Dingoes, the wild dogs of Australia, should provide another useful model for understanding the domestic dog's social capacities, since they are the descendants of domestic dogs that crossed over from New Guinea several thousand years ago.  Initially, most studies of dingoes were done in captivity, and came to the same (erroneous) conclusions as studies of captive wolves, that packs were "dominated" by a single breeding pair that suppressed all other breeding.  However, it is now known that in the wild all the female dingoes in a pack breed every year, just like the feral dogs in Bengal.

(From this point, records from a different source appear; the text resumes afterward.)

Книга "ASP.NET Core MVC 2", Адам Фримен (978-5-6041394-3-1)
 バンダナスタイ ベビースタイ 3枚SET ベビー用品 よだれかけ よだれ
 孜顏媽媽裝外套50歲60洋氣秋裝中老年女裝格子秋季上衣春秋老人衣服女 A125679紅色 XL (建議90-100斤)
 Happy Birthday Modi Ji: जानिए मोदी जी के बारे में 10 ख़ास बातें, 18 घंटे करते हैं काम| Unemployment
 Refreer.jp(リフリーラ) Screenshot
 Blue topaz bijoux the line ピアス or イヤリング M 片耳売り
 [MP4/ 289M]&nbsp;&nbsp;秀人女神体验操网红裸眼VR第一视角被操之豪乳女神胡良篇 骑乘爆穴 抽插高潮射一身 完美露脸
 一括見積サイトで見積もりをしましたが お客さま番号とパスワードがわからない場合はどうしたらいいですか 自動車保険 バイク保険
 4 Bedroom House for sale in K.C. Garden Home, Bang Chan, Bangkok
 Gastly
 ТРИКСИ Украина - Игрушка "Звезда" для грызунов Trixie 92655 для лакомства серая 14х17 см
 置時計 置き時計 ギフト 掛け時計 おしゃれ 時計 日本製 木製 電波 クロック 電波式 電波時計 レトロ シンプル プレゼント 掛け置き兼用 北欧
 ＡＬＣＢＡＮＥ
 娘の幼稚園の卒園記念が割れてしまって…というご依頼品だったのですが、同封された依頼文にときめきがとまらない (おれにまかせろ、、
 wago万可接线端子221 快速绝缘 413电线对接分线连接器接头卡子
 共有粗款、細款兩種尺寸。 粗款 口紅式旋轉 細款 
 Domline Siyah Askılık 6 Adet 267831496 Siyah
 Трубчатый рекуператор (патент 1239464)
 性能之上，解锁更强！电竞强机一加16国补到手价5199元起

Unlike wolves, however, at least one study has indicated that packs of dingoes are better at catching kangaroos or cattle than are solitary dingoes - with pairs somewhere in between.  Nevertheless, no evidence has been found that a pack of dingoes actually coordinates its hunting tactics.

However, the main conclusion that I draw from these studies of dingoes is that even feral dogs that hunt as a pack today, and have presumably done so for more than a thousand generations, still do not breed cooperatively, nor do they establish 'hierarchies' that confer breeding rights to some, and deny them to others. 
Further evidence that domestic dogs don't strive for 'status'.